Each line below is to be copied exactly; images do not go into the copy.

» DATA SEGMENT
──────

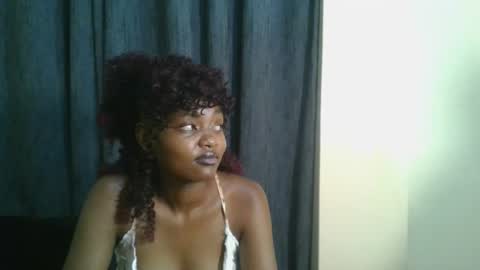 Snapshot of petite_temptation chatting on December 4, 2025, 9:01 pm Bad gurl Riri online show from December 4, 2025, 9:01 pm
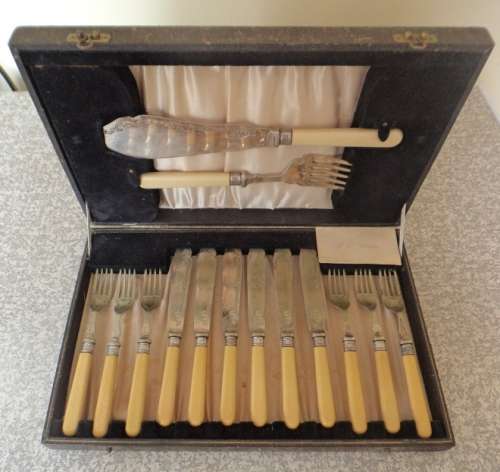 Antique 14 piece bone-handled EPNS Fish Cutlery Set in Original Box (Circa 1930s)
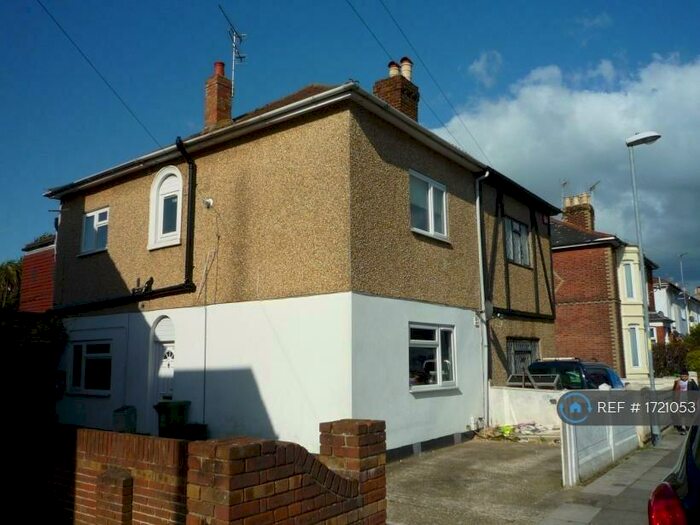 1 Bedroom Semi-Detached House To Rent In A Queens Road, Portsmouth, PO2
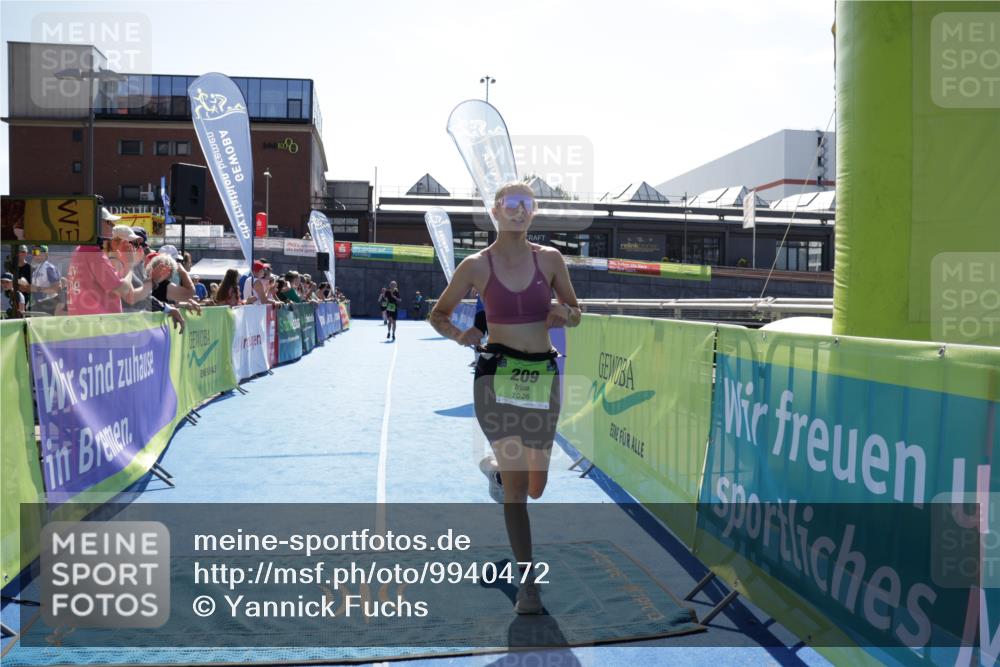09.08.2026 - GEWOBA Citytriathlon Bremen Yannick Fuchs http://msf.ph/oto/9940472 09.08.2026 15:39:30 Ziel 209 meine-sportfotos.de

──────

» OUTPUT OF THE EXERCISE
 Snapshot of petite_temptation chatting on December 4, 2025, 9:01 pm Bad gurl Riri online show from December 4, 2025, 9:01 pm
 Antique 14 piece bone-handled EPNS Fish Cutlery Set in Original Box (Circa 1930s)
 1 Bedroom Semi-Detached House To Rent In A Queens Road, Portsmouth, PO2
09.08.2026 - GEWOBA Citytriathlon Bremen Yannick Fuchs http://msf.ph/oto/9940472 09.08.2026 15:39:30 Ziel 209 meine-sportfotos.de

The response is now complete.